Without getting into the weeds, IA’s conduct is highly distinct from ordinary libraries for three key reasons: 1) its founder Brewster Kahle has repeatedly stated his agenda to obviate copyright law and make “every book in the world” available online for free; 2) IA engages in a scanning-to-ebook scheme that circumvents ordinary library licensing under its own theory called Controlled Digital Lending (CDL); and 3) even if CDL were well founded in copyright law, IA does not adhere to its own invented restrictions set forth by the regime.

So the contention that IA functions like any other library is untrue, as the aforementioned catalog of material facts makes clear, and offensive, as author Sandra Cisneros makes clear in her declaration to the court, also filed on July 7. “Real libraries,” she writes, “do not do what Internet Archive does. The libraries that raised me paid for their books, they never stole them.” Simple and to the point. But Cisneros’s testimony in this matter contains multitudes.

Many authors will recognize their own personal battles with both craft and purpose when they read Cisneros divulge, “About three years after The House on Mango Street was published, when I was 33 years old, I found myself unable to pay the rent and considered killing myself because it was so painful to feel like I was of no value to society, even though I knew I was a gifted writer.” That’s more than an economic statement. It is existential in every sense. And countless artists have been there in one way or another.

So, to the snarky bros of tech utopia, the self-righteous wonks at EFF, the privileged dilettantes of anti-copyright academia, Cory Doctorow, and most especially Brewster Kahle, you are all invited, with prejudice, to go fuck yourselves. Because what, one might ask, was Cisneros’s solution to transforming the growing popularity of her work into a measure of financial sustainability for herself? Naturally, it was copyright law.

“…my agent of the last thirty-five years, Susan Bergholz, approached me at this time and helped me to enforce my rights as an author,” writes Cisneros, stating that she initially asserted her rights among some smaller publishers but notably not with Penguin/Random House—a relationship she describes as integral to sustaining her as an author.

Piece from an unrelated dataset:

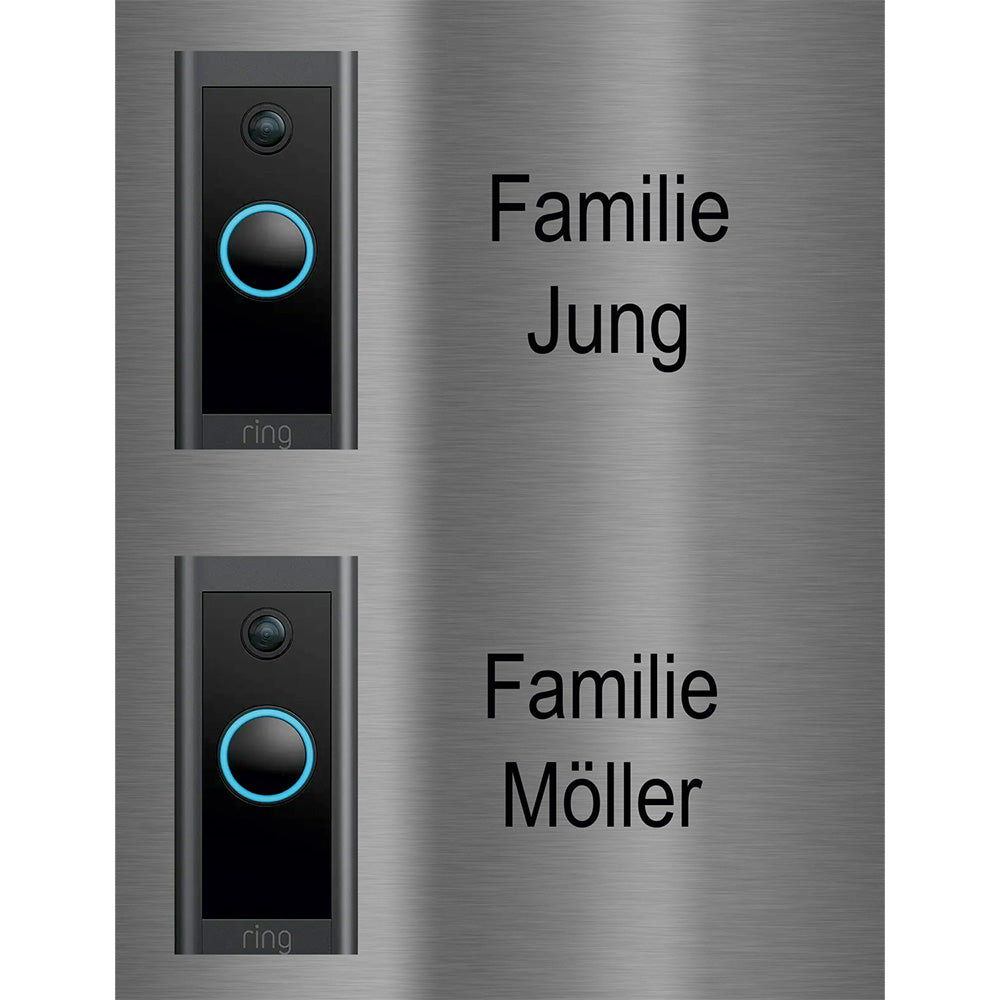 Edelstahl Klingelschild aus V2A mit zwei Ring Doorbell Wired Türklingeln, personalisierbar mit Namen – modernes Namensschild für Haustür, gebürstete Edelstahloberfläche, Beispiel mit „Familie Jung“ und „Familie Möller“.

This lawsuit is not about a billion-dollar industry seeking to hinder the lawful conduct of a real library. It is about a multimillionaire ideologue hijacking the author’s livelihood for his own commercial gain, and because he believes he knows best how the world should work. We have enough ideologues robbing individuals of their agency these days. Why is a tech baron seeking to rob book authors of their rights any better?

“It was like I had gone to a pawn shop and seen my stolen possessions on sale,” Cisneros tells the court about visiting the IA  platform and seeing her work distributed for free and without license. She also notes that she has personally given away many copies of her books to readers who, like her own childhood family, cannot afford to buy books.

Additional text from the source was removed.